Now, more than ever, it’s critical for young people to become money-savvy before they are launched into the “real world.”
Well the truth is, it’s hard out there. This is no less true for the youngest generation of adults. The economic recession has deeply impacted young people, who now face chronic unemployment and stagnant wages; and don’t forget an unprecedented amount of student loan debt.
The good news: you can tip the scales in your child’s favor by helping them build good credit early. In this article we’ll talk about a few strategies to instill financial literacy and productive spending habits in your kids.
What parents can do to help their child’s credit score
As you know, a solid credit score will follow your child throughout their life and have a resounding impact on everything from job offers to apartment rentals.
There are steps you can take now to help build your child’s credit score for the future. For instance:
- Put a household bill under your child’s name. This could include gas, electric, phone, etc. Even if the child doesn’t actually pay the bill, they can watch for it every month, practice working it into a budget, and help you remember to pay it on time — all while building credit.

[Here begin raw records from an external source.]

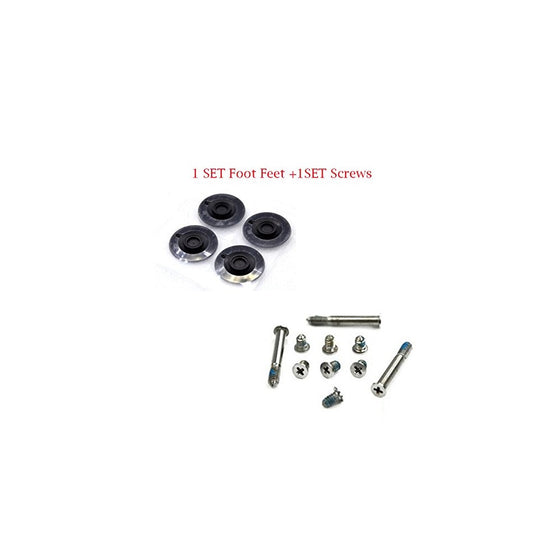 Flywings Repair Replacement Screws for Unibody Apple Macbook Pro A1278 A1286 13" 15" 17" 1 Sets of 10, 4 x Rubber Case Foot Feet for Macbook Pro A1278 A1286 A1297 2009 2010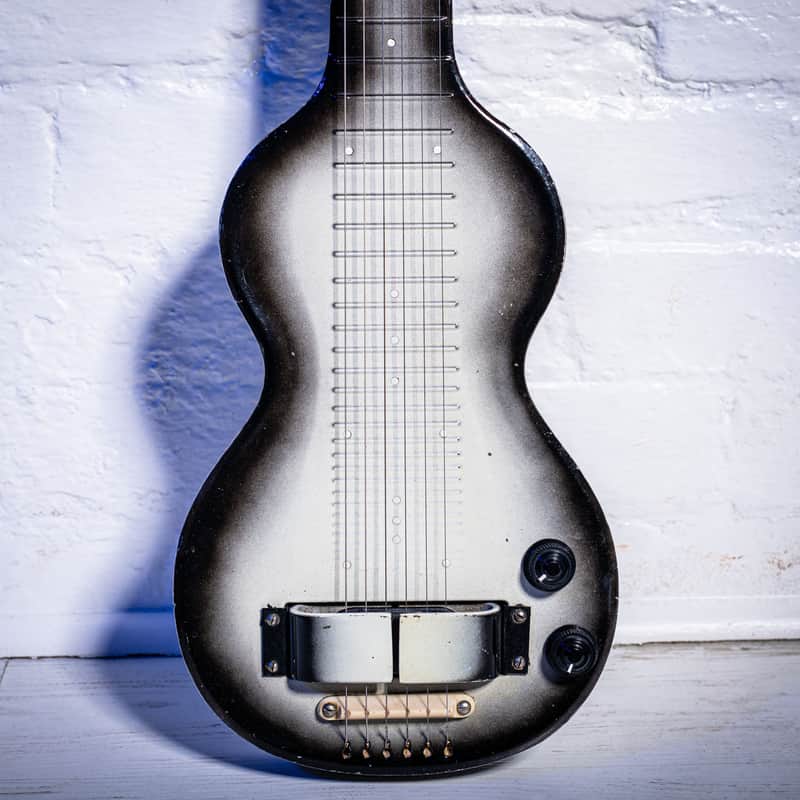 Rickenbacker Model 59 Lap Steel and Amplifier set 1946 - Silver Burst image 1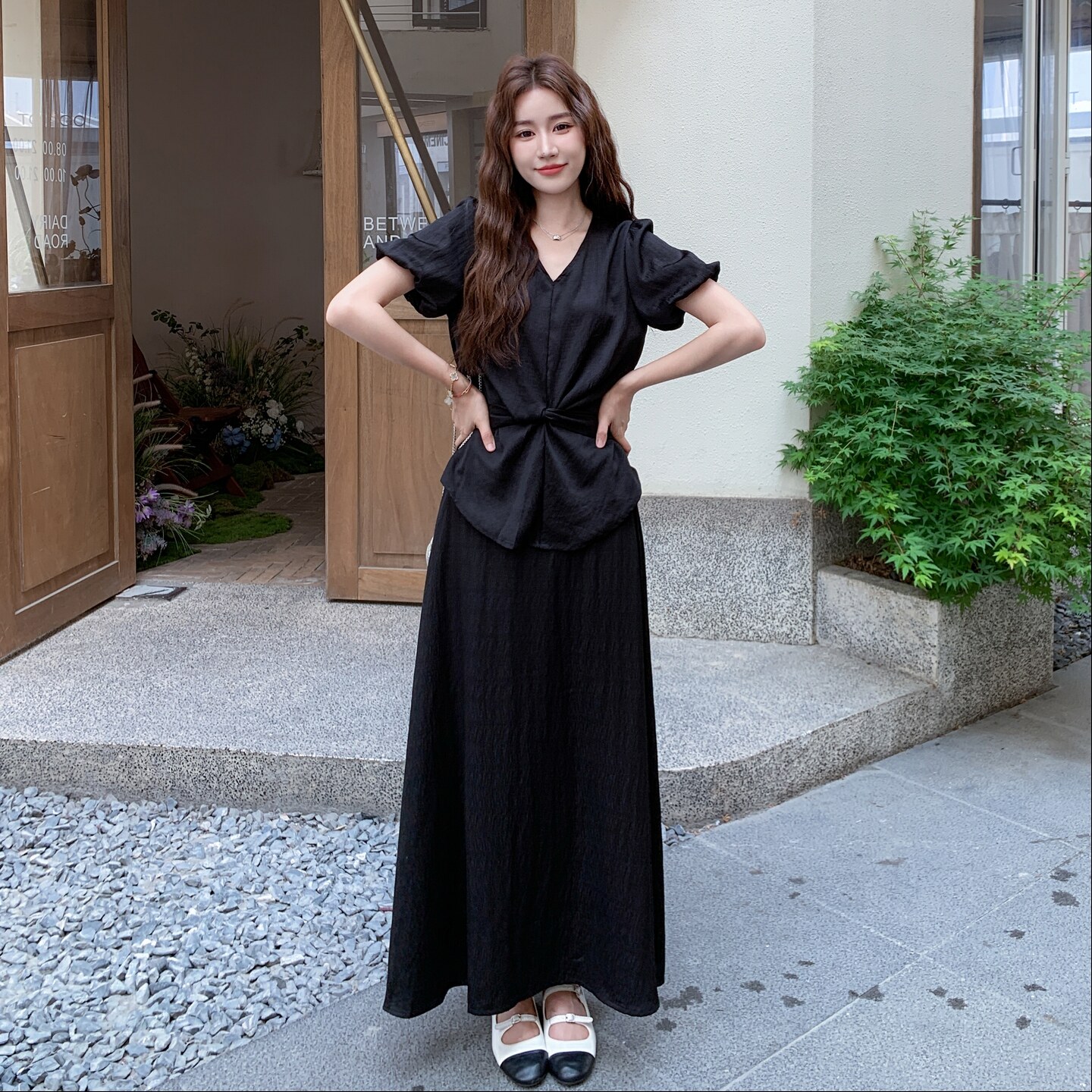 2025【现货夏款】新货休闲气质两件套201-Q119-P145-控218,女装套装/套裙,浙宝201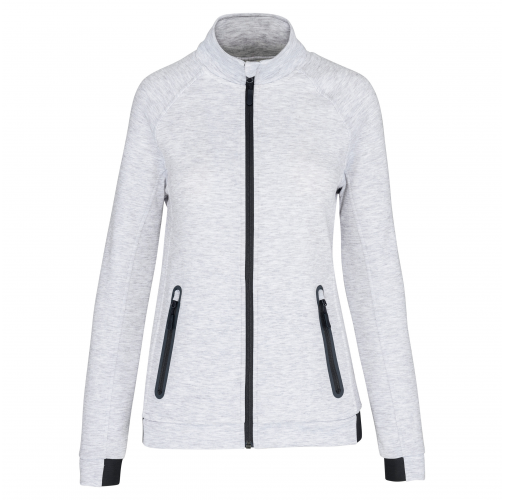 ash heather Chaqueta cuello alto mujer
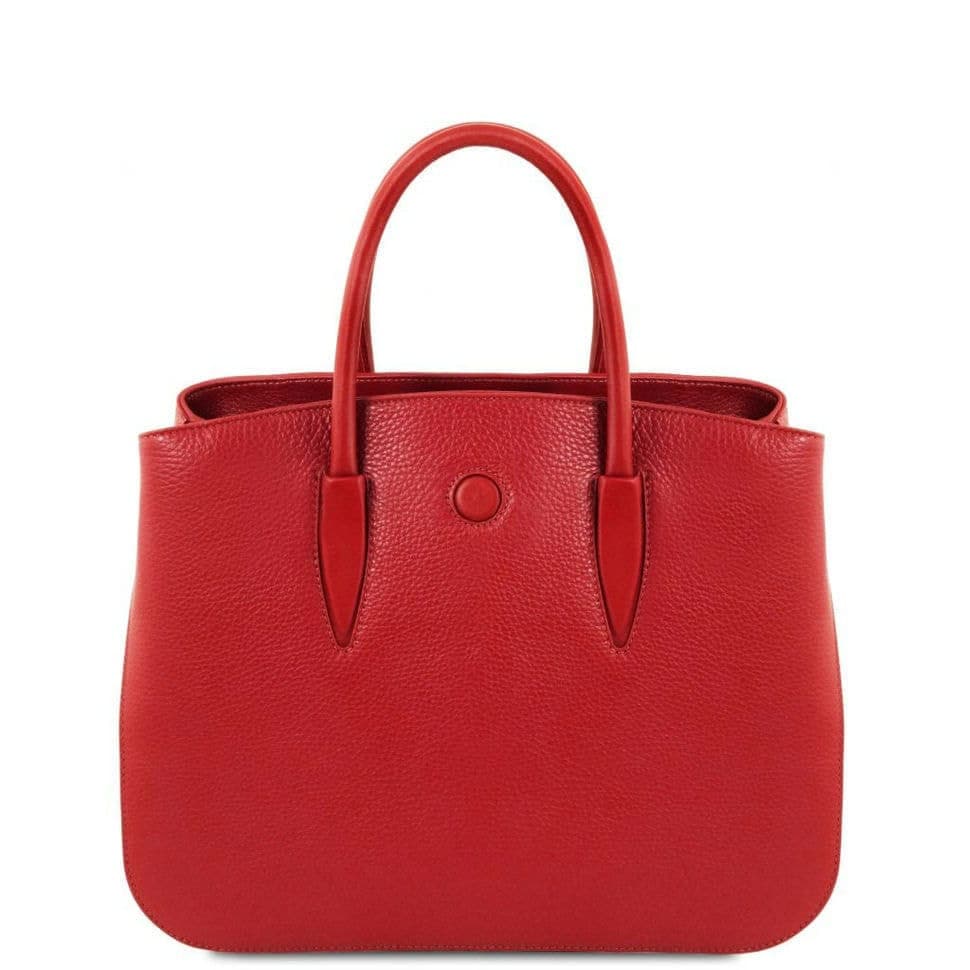 Женская кожаная сумка CAMELIA TL141728 шоппер (Lipstick Red)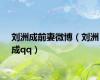 刘洲成前妻微博（刘洲成qq）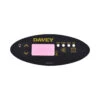 Autocollant Pour Clavier Davey SP601 Oval Noir -BOOSPA BOUTIQUE autocollant pour clavier davey sp601 oval noir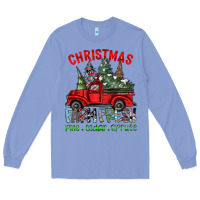 Colony Blue christmas farm fresh Long Sleeve Tee - CowhideDigitalArt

- Co-sign on a credit card for your child. This can help your child secure a lower interest rate and higher credit limit than they might otherwise be able to accomplish. Just remind your child that now your credit is tied in with theirs — so they had better stay on top of that bill!
- Teach them about credit scores. Few numbers are more important to a person than their credit score. While you’re helping your child build credit, why not tie in a lesson about the importance of good credit score? Teach your child how to pull an annual credit report, evaluate progress, and identify red flags.
What young people can do to start building credit on their own
Do you prefer a more hands-off approach? No problem. You can still help your child get off on the right credit foot. Remind them that all of the following actions can improve credit:
- Get a job. It’s as simple as that. Steady income will offset any outstanding debt, and an increase in debt-to-income ratio means an increase in credit score. In addition, having a job necessitates a conversation regarding taxes — another extremely valuable lesson for young people.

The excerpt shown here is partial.